*** Opening Supplied material ***

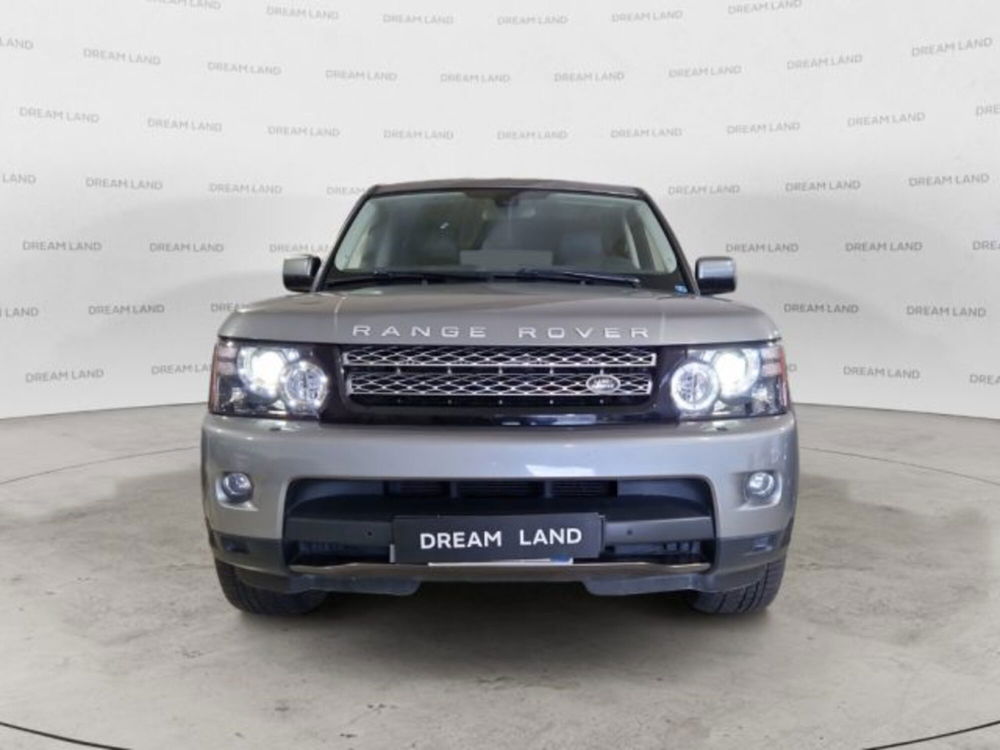 Land Rover Range Rover Sport usata a Livorno (2)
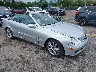 WDBTK56F28F****** Salvage and Wrecked 2008 Mercedes-Benz CLK-Class in West Palm Beach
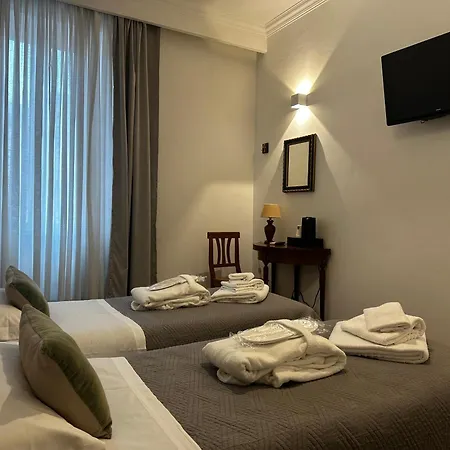 Comfort Astoria Palace Nocleg ze śniadaniem Rzym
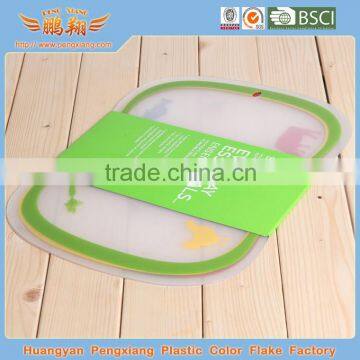 PP cutting board,thin cutting board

*** Closing Supplied material ***

Problem: All of the material shown above needs to be duplicated exactly. Omit every picture.

Written solution:
 Land Rover Range Rover Sport usata a Livorno (2)
 WDBTK56F28F****** Salvage and Wrecked 2008 Mercedes-Benz CLK-Class in West Palm Beach
 Comfort Astoria Palace Nocleg ze śniadaniem Rzym
 PP cutting board,thin cutting board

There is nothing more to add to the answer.